Automated Mapping of Laboratory Tests to LOINC Codes using Noisy Labels in a National Electronic Health Record System Database
Parr, Sharidan Kristen
Standards, such as the Logical Observation Identifiers Names and Codes (LOINC®) are critical for interoperability and integrating data into common data models, but are inconsistently used. Without consistent mapping to standards, clinical data cannot be harmonized, shared, or interpreted in a meaningful context. We sought to develop an automated machine learning pipeline that leverages noisy labels to map laboratory data to LOINC codes.
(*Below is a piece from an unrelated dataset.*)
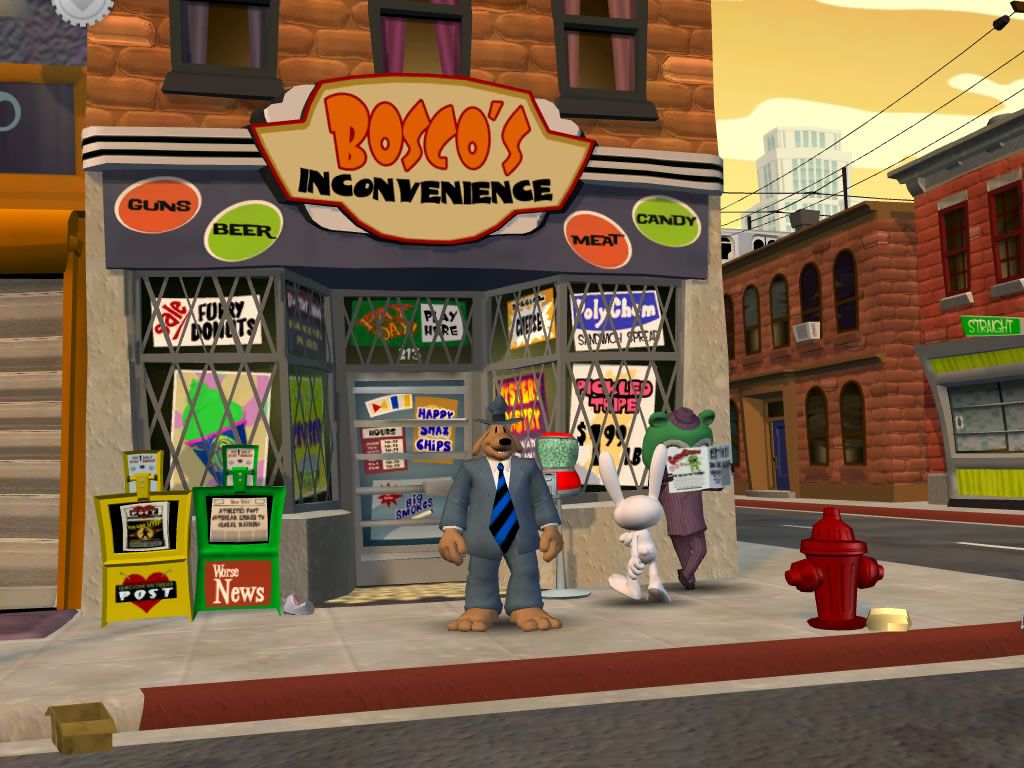 Sam & Max: Episode 3 - The Mole, the Mob, and the Meatball (Windows) screenshot: Outside Bosco's store, with a mafia member eavesdropping.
Across 130 sites in the Department of Veterans Affairs Corporate Data Warehouse, we selected the 150 most commonly-used laboratory tests with numeric results per site from 2000 through 2016. Using source data text and numeric fields, we developed a machine learning model and manually validated random samples from both labeled and unlabeled datasets. The raw laboratory data consisted of >6.5 billion test results, with 2,215 distinct LOINC codes. The model predicted the correct LOINC code in 85% of the unlabeled data and 96% of the labeled data by test frequency. In the subset of labeled data where the original and model-predicted LOINC codes disagreed, the model-predicted LOINC code was correct in 83% of the data by test frequency. Using a completely automated process, we are able to assign LOINC codes to unlabeled data with high accuracy. When the model-predicted LOINC code differed from the original LOINC code, the model prediction was correct in the vast majority of cases. This scalable, automated algorithm may improve data quality and interoperability, while substantially reducing the manual effort currently needed to accurately map laboratory data.